Néanmoins, ce qui a causé les précédentes violences n’a pas changé. En commençant par les leaders politiques qui sont les mêmes. Pour ces élections, le Premier ministre Raila Odinga (un Luo à la tête de l’Orange Democratic Movement) et le vice-Premier ministre Uhuru Kenyatta (un Kikuyu, chef du National Alliance party), sont les deux principaux candidats du scrutin (Mwai Kibaki a déjà effectué deux mandats et ne pouvait se représenter) sur huit au total. La bipolarisation de la campagne sur des bases ethniques fait craindre une nouvelle instrumentalisation du fait ethnique par la classe politique. Or ce facteur ethnique est très présent dans la vie politique et économique kenyane. Régulièrement des tensions apparaissent autour de l’occupation de la terre par exemple. Des conflits attisés par des calculs politiques à courte vue. Les Bantous représentent le groupe le plus important, auquel appartiennent les Kikuyus, ethnie qui a marqué l'histoire de l'émancipation du Kenya et qui a tenu les rênes du pouvoir depuis l’indépendance du pays en 1963. Mwai Kibaki, l’actuel président est un Kikuyu comme Jomo Kenyatta le premier président du pays en 1964 et son fils actuellement candidat.

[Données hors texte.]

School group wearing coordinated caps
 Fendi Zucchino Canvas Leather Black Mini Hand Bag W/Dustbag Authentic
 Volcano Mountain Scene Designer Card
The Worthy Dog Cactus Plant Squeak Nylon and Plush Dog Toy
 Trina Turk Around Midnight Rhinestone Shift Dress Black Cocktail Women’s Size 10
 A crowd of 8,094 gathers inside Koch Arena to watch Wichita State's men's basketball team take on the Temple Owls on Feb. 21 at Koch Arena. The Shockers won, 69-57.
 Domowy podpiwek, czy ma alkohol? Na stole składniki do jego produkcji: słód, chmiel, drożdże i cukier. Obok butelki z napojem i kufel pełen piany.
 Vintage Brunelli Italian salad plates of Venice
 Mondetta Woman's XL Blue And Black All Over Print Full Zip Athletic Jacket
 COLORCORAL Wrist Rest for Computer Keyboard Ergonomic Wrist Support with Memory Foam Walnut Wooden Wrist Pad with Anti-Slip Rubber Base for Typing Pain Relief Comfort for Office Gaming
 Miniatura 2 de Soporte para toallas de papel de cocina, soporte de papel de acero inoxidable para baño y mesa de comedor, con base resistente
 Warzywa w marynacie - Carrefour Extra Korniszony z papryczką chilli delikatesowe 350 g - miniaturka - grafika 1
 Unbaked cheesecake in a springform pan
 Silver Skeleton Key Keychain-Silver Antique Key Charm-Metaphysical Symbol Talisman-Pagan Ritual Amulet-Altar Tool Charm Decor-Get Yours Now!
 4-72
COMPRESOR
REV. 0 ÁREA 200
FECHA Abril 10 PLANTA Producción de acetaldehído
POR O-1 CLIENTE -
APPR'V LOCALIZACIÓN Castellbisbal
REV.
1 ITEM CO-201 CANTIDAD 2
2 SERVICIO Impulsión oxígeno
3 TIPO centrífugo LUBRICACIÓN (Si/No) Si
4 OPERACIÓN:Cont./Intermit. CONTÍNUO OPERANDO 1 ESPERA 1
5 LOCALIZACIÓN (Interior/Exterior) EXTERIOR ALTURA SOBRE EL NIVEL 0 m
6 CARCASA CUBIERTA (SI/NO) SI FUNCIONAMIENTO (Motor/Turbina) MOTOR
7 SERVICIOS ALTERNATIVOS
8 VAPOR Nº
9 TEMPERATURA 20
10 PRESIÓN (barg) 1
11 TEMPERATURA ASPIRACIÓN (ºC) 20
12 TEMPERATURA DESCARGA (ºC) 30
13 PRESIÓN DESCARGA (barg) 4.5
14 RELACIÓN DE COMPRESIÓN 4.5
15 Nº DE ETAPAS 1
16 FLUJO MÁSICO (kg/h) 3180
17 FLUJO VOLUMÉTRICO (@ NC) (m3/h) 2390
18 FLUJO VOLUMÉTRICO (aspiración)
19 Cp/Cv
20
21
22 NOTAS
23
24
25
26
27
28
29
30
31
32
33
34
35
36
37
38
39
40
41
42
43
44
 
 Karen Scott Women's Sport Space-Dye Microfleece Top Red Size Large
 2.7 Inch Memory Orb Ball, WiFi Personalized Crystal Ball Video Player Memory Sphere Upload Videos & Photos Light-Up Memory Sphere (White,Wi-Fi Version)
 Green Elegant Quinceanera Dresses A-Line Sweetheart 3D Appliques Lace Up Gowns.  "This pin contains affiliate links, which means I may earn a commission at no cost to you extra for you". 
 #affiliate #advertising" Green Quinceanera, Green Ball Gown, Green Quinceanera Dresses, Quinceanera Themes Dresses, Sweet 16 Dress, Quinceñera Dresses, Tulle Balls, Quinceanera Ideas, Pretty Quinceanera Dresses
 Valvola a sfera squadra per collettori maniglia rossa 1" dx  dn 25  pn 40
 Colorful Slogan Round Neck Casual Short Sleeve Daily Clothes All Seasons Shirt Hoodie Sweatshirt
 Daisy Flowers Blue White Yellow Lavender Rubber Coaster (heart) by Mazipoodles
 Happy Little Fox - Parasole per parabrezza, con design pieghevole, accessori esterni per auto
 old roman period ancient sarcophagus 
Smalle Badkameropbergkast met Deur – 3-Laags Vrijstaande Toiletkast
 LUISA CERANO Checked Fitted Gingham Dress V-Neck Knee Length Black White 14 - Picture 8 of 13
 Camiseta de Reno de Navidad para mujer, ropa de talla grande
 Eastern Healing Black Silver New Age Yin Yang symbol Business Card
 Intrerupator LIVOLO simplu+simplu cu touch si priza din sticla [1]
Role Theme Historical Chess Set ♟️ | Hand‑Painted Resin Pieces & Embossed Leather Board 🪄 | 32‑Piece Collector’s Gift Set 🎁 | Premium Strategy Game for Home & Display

Tout comme en 2007, la campagne électorale s’est déroulée sans heurt majeur. La Commission kenyane des droits de l’homme a tout de même relevé le retour de « discours de haine », les leaders politiques sont les mêmes et certaines de leurs déclarations inquiètent. Ainsi Raila Odinga a-t-il déjà annoncé qu’en cas de défaite, il dénoncerait les fraudes et les manipulations. C’est lui qui en 2007 avait été battu par le président sortant Mwai Kibaki aux élections présidentielles du 27 décembre à la suite de fraude, alors, qu’aux législatives qui avaient eu lieu le même jour, son parti l’emportait devant la coalition présidentielle. De plus, l’inculpation de Uhuru Kenyatta, et de son colistier l’ex-ministre William Ruto, par la CPI pourraient également leur donner envie d’être vainqueur à l’encontre des résultats. Bien que s’il est élu aux plus hautes fonctions, Uhuru Kenyatta devrait comparaitre devant la Cour en avril prochain, au moment où devrait se dérouler le second tour de l’élection. Son statut de Président ou futur président pourrait ainsi lui permettre d’adopter la même attitude que le président soudanais Omar El Béchir qui lui a choisi d’ignorer la CPI. De fait il pourrait devenir le deuxième président du continent poursuivis par la Cour. Cette perspective inquiète les partenaires occidentaux de ce pays qui préférerait voir Raila Odinga triompher. Cette inculpation est donc un enjeu de plus dans ces élections, à la portée internationale. Kenyatta s’est d’ailleurs servi de ces accusations afin de manipuler les communautés ethniques qui le soutiennent en se positionnant comme une victime. Sera-t-il jugé dans les urnes ? Gardons en mémoire qu’un scrutin dans lequel un candidat n'a rien à perdre peut virer à la guerre civile…




[1] Kenya National Commission on Human Rights (KNCHR), On the Brink of the Precipice : a Human Rights Account of Kenya’s post 2007 Election Violence, Nairobi, août 2008, 156 p.